The G Protein-Coupled Estrogen Receptor (GPER): A Critical Therapeutic Target for Cancer

Cells 2023, 12(20), 2460; https://doi.org/10.3390/cells12202460
by Keith A. Hall and Edward J. Filardo *
Reviewer 1:
Reviewer 3:
Reviewer 4: Anonymous
Cells 2023, 12(20), 2460; https://doi.org/10.3390/cells12202460
Submission received: 5 August 2023 / Revised: 29 September 2023 / Accepted: 4 October 2023 / Published: 16 October 2023

Round 1

Reviewer 1 Report

In this review, the Authors provide an exhaustive and captivating overview on the potential of the G protein estrogen receptor as a valuable therapeutic target for cancer.

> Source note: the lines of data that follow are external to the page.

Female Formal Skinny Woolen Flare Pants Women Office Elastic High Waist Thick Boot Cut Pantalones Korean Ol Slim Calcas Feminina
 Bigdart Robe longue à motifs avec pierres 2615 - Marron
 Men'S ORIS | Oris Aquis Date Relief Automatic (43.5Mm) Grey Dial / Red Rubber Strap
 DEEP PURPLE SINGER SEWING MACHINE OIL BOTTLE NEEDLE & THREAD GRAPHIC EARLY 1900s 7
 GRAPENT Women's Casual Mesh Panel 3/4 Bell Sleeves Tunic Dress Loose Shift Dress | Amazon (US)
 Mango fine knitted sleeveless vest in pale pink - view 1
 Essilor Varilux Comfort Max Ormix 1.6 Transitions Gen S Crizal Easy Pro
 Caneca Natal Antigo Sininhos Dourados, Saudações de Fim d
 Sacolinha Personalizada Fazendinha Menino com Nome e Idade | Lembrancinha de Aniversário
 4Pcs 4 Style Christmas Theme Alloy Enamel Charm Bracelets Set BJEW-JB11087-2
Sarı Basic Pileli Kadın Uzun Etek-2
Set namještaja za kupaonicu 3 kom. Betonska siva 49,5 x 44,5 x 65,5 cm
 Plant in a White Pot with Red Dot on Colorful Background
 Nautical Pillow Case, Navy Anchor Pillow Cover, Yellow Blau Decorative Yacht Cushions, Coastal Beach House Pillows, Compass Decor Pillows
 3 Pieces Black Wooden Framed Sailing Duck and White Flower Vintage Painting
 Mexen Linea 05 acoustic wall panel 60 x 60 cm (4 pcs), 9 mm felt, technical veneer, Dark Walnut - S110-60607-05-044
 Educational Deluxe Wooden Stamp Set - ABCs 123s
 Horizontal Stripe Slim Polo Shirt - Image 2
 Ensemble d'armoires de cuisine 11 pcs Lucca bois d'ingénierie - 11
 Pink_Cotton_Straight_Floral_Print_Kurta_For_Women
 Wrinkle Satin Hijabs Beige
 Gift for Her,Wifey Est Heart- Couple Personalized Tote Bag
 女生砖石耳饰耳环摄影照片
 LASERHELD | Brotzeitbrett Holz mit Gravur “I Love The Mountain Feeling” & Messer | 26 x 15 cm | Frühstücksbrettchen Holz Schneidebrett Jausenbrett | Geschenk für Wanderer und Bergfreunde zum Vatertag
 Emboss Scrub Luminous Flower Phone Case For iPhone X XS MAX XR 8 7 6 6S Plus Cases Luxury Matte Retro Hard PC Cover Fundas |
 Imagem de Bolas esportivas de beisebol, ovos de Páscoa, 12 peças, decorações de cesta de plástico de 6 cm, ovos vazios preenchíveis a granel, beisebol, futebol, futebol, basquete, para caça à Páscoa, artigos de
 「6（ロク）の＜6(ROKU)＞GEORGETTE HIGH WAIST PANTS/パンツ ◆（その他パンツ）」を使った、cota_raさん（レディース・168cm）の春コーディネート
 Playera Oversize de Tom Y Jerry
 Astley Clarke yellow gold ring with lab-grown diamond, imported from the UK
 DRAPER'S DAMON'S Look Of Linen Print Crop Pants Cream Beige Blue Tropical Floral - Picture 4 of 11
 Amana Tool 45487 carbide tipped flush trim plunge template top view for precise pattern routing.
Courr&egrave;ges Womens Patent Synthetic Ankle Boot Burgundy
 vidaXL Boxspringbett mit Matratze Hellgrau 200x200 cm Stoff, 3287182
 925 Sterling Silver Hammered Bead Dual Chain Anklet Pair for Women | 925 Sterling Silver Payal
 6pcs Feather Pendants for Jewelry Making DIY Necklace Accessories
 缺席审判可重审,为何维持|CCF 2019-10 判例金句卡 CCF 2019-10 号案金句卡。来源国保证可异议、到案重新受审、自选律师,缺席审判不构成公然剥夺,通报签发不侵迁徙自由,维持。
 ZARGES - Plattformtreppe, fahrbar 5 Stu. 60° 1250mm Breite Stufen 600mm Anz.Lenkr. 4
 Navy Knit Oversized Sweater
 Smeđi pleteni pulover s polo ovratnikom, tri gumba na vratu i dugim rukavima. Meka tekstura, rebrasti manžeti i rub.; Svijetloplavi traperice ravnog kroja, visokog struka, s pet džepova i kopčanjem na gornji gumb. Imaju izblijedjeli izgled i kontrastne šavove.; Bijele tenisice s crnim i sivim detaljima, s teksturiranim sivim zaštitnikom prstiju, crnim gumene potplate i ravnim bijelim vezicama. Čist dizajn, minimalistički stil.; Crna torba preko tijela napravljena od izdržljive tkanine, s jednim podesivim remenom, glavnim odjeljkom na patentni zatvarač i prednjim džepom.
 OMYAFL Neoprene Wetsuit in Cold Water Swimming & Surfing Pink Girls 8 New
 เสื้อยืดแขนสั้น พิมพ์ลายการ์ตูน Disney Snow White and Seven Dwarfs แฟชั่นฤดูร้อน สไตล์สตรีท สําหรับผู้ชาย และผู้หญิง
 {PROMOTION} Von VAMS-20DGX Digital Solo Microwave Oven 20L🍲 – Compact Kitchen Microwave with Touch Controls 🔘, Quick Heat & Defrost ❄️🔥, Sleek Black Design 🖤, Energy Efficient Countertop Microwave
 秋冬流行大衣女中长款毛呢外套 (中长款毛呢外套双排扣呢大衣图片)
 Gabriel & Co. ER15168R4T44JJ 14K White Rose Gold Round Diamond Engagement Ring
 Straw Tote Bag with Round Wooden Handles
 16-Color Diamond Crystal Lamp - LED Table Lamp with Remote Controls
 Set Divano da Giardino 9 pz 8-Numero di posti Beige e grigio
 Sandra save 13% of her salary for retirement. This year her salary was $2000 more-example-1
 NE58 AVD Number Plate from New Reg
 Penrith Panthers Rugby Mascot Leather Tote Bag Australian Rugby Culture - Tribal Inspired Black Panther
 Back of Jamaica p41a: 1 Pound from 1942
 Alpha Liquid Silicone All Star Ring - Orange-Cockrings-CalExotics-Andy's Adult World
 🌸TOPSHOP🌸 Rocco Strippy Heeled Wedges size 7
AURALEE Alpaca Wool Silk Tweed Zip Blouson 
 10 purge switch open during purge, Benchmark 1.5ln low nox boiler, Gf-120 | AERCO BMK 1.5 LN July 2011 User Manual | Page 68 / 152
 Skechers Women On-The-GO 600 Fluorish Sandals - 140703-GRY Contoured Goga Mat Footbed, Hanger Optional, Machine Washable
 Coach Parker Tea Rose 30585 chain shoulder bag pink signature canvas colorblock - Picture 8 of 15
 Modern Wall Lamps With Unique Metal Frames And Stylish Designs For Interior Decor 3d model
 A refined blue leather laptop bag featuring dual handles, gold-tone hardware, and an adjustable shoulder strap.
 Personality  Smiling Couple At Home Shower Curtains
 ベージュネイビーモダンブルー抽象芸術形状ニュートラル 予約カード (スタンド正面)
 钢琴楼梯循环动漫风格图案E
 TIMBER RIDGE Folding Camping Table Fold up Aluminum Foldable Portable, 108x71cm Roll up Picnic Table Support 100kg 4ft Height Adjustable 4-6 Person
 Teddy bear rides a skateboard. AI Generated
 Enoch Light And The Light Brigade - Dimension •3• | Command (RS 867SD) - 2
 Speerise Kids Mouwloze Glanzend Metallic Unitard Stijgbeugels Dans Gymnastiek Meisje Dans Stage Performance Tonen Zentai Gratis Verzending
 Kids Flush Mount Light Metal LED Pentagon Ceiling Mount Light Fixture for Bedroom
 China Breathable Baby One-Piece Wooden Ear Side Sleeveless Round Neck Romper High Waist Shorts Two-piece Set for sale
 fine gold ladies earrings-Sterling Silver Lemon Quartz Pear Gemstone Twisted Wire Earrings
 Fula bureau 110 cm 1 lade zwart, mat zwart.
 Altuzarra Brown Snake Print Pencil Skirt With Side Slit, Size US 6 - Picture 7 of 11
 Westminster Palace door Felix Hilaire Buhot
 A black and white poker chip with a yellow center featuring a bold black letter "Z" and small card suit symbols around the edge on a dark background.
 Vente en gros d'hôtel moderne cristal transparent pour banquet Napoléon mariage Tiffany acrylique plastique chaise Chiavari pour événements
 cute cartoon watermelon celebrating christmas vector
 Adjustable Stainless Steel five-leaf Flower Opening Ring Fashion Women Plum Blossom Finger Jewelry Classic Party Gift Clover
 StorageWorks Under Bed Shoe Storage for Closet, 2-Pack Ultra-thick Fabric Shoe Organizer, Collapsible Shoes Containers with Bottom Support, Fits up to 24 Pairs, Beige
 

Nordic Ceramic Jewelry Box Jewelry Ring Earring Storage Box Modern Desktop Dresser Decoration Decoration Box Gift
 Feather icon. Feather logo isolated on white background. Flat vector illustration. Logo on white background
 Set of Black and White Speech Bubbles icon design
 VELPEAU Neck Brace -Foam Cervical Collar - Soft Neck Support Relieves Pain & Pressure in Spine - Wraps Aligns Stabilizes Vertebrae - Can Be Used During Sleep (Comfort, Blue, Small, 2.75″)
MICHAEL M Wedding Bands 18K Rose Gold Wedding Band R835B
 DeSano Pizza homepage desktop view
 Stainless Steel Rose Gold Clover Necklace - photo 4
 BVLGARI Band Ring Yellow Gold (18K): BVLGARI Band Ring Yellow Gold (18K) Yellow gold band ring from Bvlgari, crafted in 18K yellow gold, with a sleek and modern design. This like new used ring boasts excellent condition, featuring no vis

In particular, the Authors focus on the estrogen receptor-based mechanisms by which endogenous and environmental estrogens exert a pro-tumorigenic role in human malignancies, paying specific attention to GPER as a therapeutic target in metabolic disease and cancer. Next, the most fascinating section of the manuscript is focused on certain elements that are not currently contemplated in the rubric for rational assignment of ET. This overview strongly supports the need to modify the current rubric for ET by accounting for all elements (i.e. the link between environmental estrogens with both the classical ERs and GPER as well as the GPER-mediated oncogenic effects of endogenous estrogens) implicated in cancer progression.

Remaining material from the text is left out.